Legal costs are always a critical factor in the decision whether or not to litigate. It is therefore, perhaps surprising that, to our knowledge, no case has, until now, ever considered the question as to whether a limit of liability applies only to the damages awarded or includes any award of legal costs.


The High Court was asked to consider whether a contractual cap on liability for warranty claims under a share purchase agreement (SPA) applied to damages only, or whether it also captured other ancillary liabilities, including an award of interest and costs arising from a warranty claim. The £11million contractual cap was expressed as applying to liability "in respect of" any claim under the SPA for breach of warranty. The seller submitted that this imposed an aggregate financial limit which included not just damages but also interest and costs.

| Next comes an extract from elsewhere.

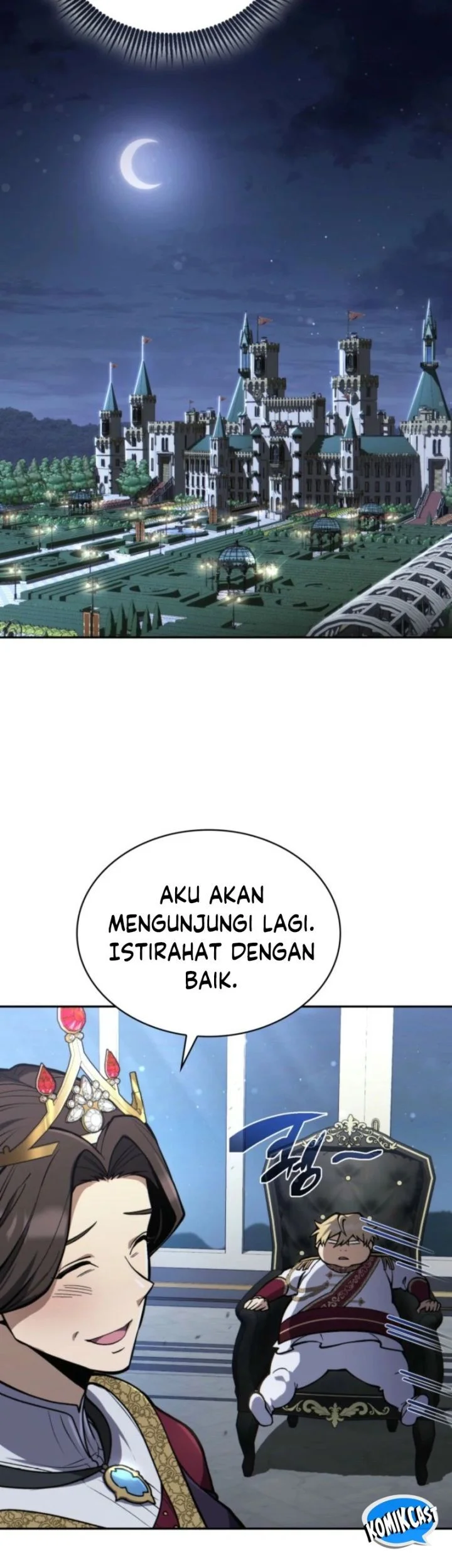 Chapter 1 - halaman 124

It argued that the parties could not be taken to have intended that those ancillary obligations would remain at large and uncapped, and that such an interpretation was inconsistent with the broad words "in respect of".

The buyer contended that the language, properly construed, applied to damages only. A ‘claim’ was defined as "any claim under [the SPA] for breach of the Warranties".


The court preferred the buyer's construction. The limitation applied "in respect of" a "claim under [the SPA]" and this did not extend to claims for interest or costs, the award of which would be made pursuant to the court's jurisdiction to make ancillary orders, rather being made under the SPA itself. Although the phrase "in respect of" was wide, the court considered that it was not as broad as the phrase "arising out of or in connection with", and it would have expected interest and costs to be mentioned expressly in the liability cap if the parties had intended that important litigation rights were being foregone. Rather unhelpfully, the court did not go on to offer any guidance as to whether the outcome would have been any different had the limitation used the "arising out of or in connection with" phraseology.